--- DATA IN THIS EXERCISE ---

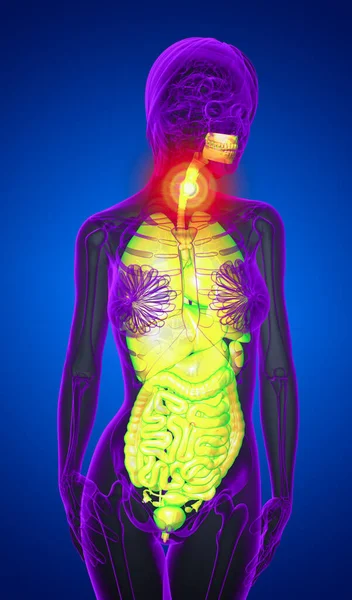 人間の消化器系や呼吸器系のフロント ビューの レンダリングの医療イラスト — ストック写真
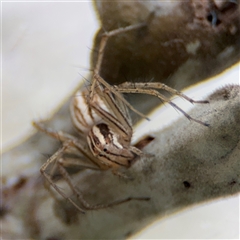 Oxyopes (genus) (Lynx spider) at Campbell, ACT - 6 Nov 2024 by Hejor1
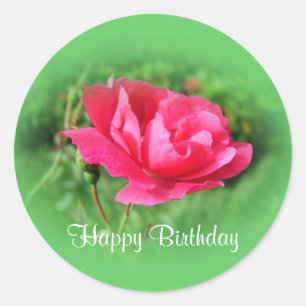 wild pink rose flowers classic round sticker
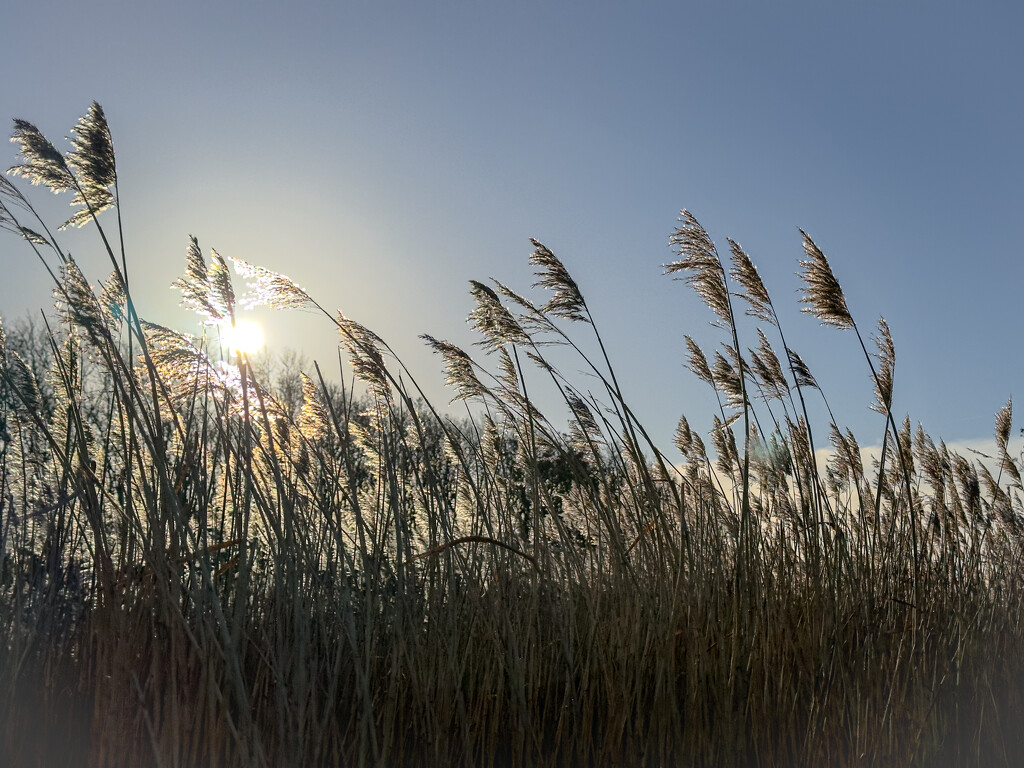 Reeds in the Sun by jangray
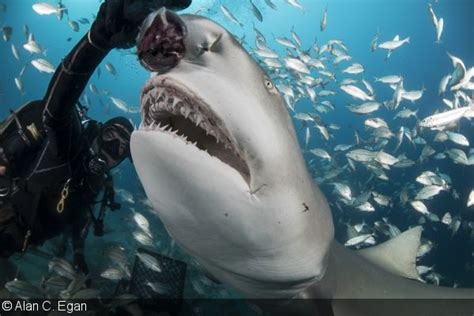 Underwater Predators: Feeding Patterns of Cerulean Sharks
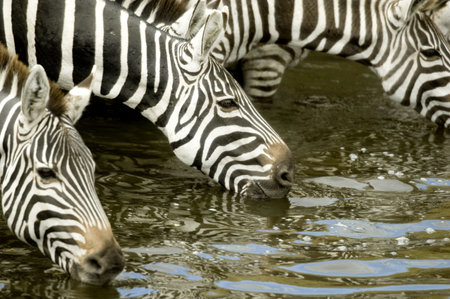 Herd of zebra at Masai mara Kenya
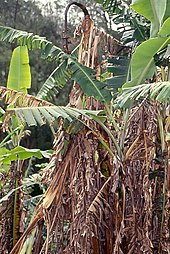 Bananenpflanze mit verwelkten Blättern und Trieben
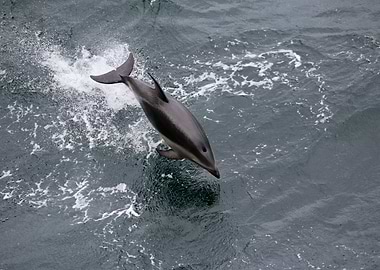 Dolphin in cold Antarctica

---

- [ABOUT THIS EXERCISE] Please retype the lines from the one that contains "Reeds in the Sun by jangray" through the final line of the data, both included, without any pictures.

- [EXERCISE OUTPUT]
 Reeds in the Sun by jangray
 Underwater Predators: Feeding Patterns of Cerulean Sharks
 Herd of zebra at Masai mara Kenya
 Bananenpflanze mit verwelkten Blättern und Trieben
 Dolphin in cold Antarctica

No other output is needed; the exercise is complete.